Phase 2b and HS2 East are both reportedly at-risk in the upcoming review

But the current resident at Number 11 Downing Street, Jeremy Hunt, has been a vocal supporter and spoke at an All Party Parliamentary Group on Infrastructure reception last week of his ambition to build a whole network of high speed rail links in the UK.

“I really want to have HS3, HS4 and HS5. We have got to have much better connectivity,” he said.

News of the review comes alongside the appointment of a new chair of HS2 Ltd, a role which has been vacant since the departure of Allan Cook in July 2021.

Sir Jonathan Thompson, former chief executive of the Financial Reporting Council, has taken up the position after 11 months as deputy chair.

Thompson wrote in The Telegraph over the weekend that the high cost of the project was because it was being built more responsibly than in other countries.

“Why is it more expensive building in Britain than in, say, China? Here we do not ride roughshod over the environment, over planning law, over local authorities and local people,” he said.

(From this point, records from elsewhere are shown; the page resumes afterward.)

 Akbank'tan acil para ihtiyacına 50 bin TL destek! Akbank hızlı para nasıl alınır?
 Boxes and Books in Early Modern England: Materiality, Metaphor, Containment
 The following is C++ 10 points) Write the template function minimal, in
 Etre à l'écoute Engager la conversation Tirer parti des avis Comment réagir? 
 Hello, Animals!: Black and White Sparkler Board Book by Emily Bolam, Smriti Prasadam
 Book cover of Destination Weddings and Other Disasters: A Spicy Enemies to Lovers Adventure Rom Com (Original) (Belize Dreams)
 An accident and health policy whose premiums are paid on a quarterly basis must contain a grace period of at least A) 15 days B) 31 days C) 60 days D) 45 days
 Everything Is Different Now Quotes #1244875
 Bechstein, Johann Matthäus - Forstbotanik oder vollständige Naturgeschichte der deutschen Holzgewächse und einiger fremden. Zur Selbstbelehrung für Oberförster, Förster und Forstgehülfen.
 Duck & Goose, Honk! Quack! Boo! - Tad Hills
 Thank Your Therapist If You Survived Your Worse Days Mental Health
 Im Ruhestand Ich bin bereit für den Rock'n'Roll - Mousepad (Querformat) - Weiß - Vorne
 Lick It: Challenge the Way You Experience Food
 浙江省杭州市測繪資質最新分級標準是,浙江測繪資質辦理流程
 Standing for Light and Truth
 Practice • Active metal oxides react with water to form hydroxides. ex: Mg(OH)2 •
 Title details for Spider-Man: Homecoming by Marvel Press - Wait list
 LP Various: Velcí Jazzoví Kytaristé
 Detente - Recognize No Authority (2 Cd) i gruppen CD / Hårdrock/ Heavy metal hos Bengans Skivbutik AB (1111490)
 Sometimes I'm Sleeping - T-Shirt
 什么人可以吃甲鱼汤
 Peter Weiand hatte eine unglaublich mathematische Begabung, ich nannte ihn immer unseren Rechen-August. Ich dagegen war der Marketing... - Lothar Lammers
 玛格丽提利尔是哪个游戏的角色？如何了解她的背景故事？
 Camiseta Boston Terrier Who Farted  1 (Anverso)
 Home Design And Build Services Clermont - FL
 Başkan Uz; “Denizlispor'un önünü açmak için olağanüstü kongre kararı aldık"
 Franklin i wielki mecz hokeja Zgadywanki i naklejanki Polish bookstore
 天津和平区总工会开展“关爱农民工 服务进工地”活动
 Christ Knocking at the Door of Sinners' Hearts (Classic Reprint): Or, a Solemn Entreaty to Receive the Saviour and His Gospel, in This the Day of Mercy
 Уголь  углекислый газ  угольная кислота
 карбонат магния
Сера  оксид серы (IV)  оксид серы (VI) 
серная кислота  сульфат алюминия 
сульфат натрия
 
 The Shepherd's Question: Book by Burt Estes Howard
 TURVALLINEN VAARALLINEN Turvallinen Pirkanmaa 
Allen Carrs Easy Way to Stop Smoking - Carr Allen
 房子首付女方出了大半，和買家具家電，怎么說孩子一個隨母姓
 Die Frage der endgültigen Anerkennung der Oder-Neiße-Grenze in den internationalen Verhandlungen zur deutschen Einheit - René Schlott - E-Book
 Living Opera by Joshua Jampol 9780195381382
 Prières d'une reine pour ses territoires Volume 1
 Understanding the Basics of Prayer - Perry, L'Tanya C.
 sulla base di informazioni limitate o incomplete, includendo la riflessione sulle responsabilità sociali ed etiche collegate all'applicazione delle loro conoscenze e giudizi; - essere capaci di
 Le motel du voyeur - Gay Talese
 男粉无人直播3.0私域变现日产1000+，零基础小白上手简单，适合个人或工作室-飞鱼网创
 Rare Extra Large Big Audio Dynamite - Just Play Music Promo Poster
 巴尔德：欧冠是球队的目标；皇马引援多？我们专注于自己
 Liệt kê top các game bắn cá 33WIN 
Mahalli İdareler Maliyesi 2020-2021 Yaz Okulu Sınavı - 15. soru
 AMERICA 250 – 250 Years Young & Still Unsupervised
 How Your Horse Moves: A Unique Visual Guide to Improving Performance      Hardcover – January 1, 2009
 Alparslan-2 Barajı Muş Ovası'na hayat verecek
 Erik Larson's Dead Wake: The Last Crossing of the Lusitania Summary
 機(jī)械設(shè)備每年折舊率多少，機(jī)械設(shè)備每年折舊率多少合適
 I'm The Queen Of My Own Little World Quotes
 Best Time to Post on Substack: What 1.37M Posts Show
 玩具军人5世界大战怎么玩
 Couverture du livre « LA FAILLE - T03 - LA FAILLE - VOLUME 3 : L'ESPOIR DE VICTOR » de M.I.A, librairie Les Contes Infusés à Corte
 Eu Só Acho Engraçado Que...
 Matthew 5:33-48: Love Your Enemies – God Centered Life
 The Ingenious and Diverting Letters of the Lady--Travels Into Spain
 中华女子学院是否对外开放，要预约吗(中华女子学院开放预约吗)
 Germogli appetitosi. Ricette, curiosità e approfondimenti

“Is it more expensive per mile than in France? Yes. Because we choose tunnelling over the demolition of whole communities and swathes of countryside to protect people, wildlife and our precious green spaces.”

A DfT spokesperson said it would not comment on “speculation” but that it remains “committed to delivering the project from Euston to Manchester and continue to work in line with the Integrated Rail Plan”.

Last month, the department’s permanent secretary, Bernadette Kelly, told the House of Commons transport select committee that inflation was putting a strain on its capital spending and could necessitate “quite tough decisions” on the phasing and delivery of projects, including HS2.